Data listing: Begin

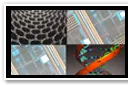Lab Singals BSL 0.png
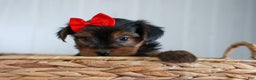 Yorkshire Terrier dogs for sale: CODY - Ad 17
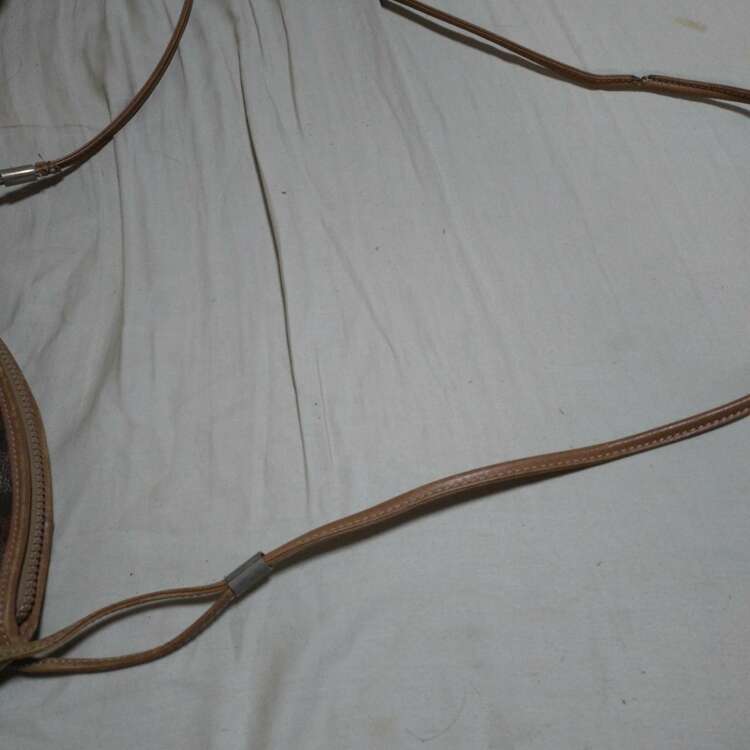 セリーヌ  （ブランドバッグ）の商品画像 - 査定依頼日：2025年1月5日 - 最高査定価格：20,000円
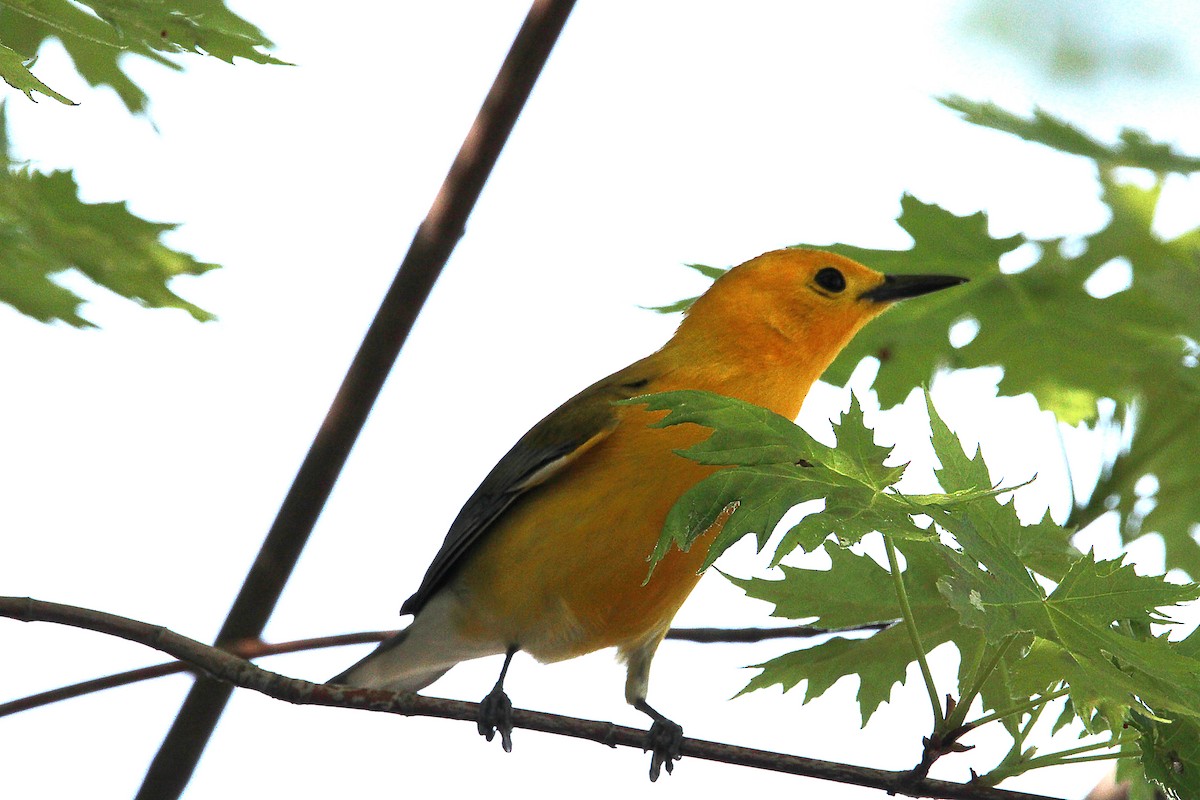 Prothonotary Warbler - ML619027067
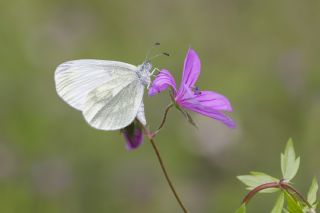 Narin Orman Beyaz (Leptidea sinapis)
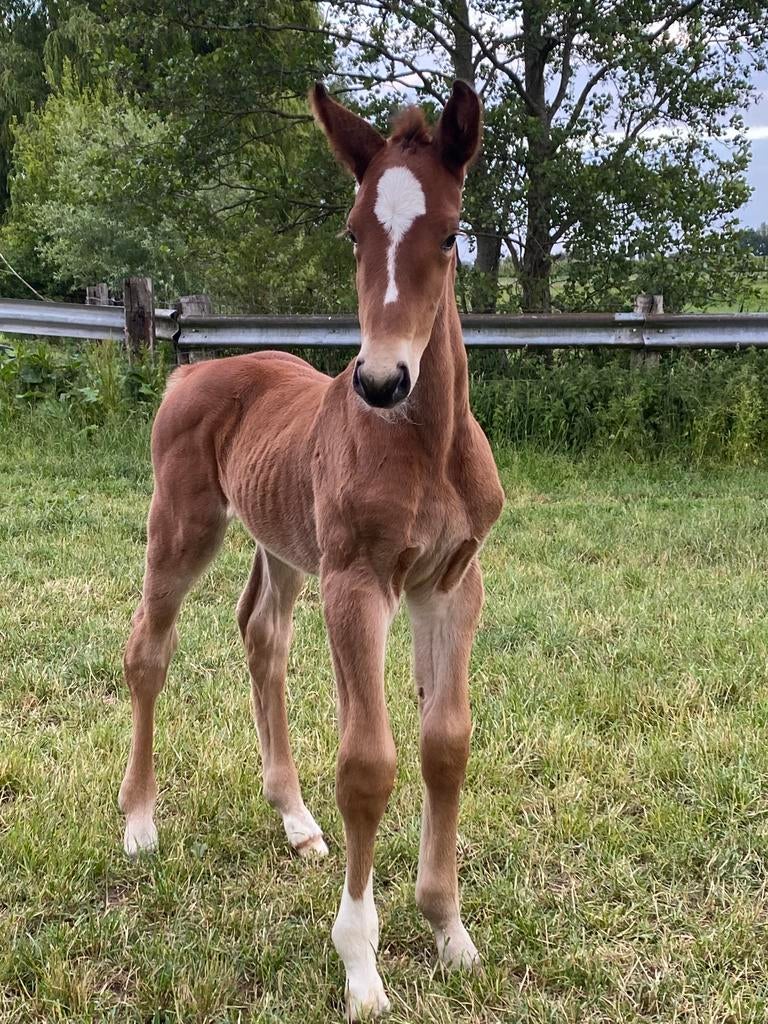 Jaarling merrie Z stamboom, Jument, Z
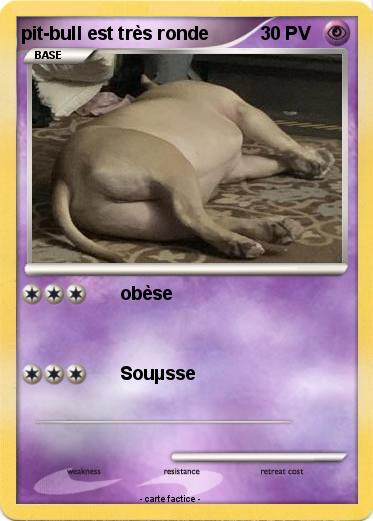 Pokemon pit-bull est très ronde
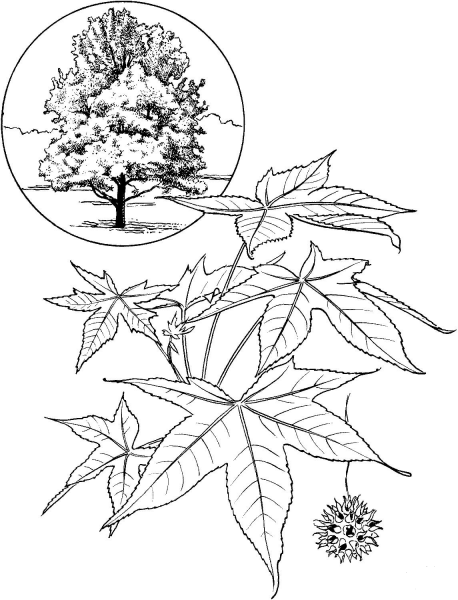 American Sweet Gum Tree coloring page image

Data listing: End

*Task details*.
Please transcribe exactly the line containing "Pokemon pit-bull est très ronde" and every later line through the end of the records above, omitting pictures.

*Exercise response*.
 Pokemon pit-bull est très ronde
 American Sweet Gum Tree coloring page image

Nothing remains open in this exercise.